I need to get filterWord to only contain words that are not in the wordList but doesnt seem to be working because it is not filtering out any words in the wordList and if I change it to == instead it filters out everything.

回答1:

This removes any post that contains any of the words in wordlist. It may or may not be what you want. Please do clarify your question.

Spark setup.

import org.apache.spark.SparkContext
import org.apache.spark.SparkContext._
import org.apache.spark.SparkConf

val conf = new SparkConf().setAppName("spark-scratch").setMaster("local")
val sc = new SparkContext(conf)

Test data:

val jabberwocky = """
Twas brillig, and the slithy toves
      Did gyre and gimble in the wabe:
All mimsy were the borogoves,
      And the mome raths outgrabe.

“Beware the Jabberwock, my son!
      The jaws that bite, the claws that catch!
Beware the Jubjub bird, and shun
      The frumious Bandersnatch!”

He took his vorpal sword in hand;
      Long time the manxome foe he sought—
So rested he by the Tumtum tree
      And stood awhile in thought.

And, as in uffish thought he stood,
      The Jabberwock, with eyes of flame,
Came whiffling through the tulgey wood,
      And burbled as it came!

One, two! One, two! And through and through
      The vorpal blade went snicker-snack!
He left it dead, and with its head
      He went galumphing back.

“And hast thou slain the Jabberwock?
      Come to my arms, my beamish boy!
O frabjous day! Callooh!
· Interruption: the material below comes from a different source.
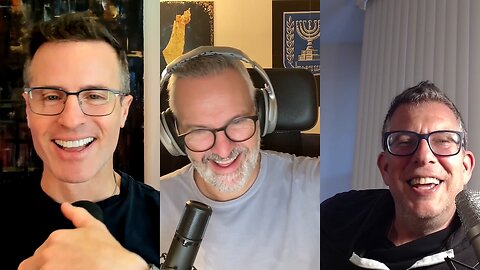 Ep 95: The Left And Their Evolution Of Terror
Callay!”
      He chortled in his joy.

’Twas brillig, and the slithy toves
      Did gyre and gimble in the wabe:
All mimsy were the borogoves,
      And the mome raths outgrabe
"""
val words = "the and in all were"

Convert the test data to RDDs.

val posts = sc.parallelize(jabberwocky.split('\n')
                                      .filter(_.nonEmpty)
                                      .zipWithIndex
                                      .map (_.swap))

val wordList = sc.parallelize(words.split(' ')).map(x => (x.toLowerCase(), x))

Make a PairRDD where there is a row for each word in each post. The key is each of the words, and the value is the original post

val postsPairs = posts.flatMap
    { case (i, s) => s.split("\\W+").map(w=> (w.toLowerCase(), (i, s))) }

Find all the posts that DO have one of the excluded words

  val withExcluded = postsPairs.join(wordList).map(_._2._1)

(could do a .distinct here but there's no point, the duplicates won't matter for the next step)

Remove all the posts from the original list that have one of the excluded words. So any remaining have none of the excluded words. WWWWW.

  val res = posts.subtract(withExcluded)

  // (19,      He went galumphing back.)
  // (22,O frabjous day! Callooh! Callay!”)
  // (21,      Come to my arms, my beamish boy!)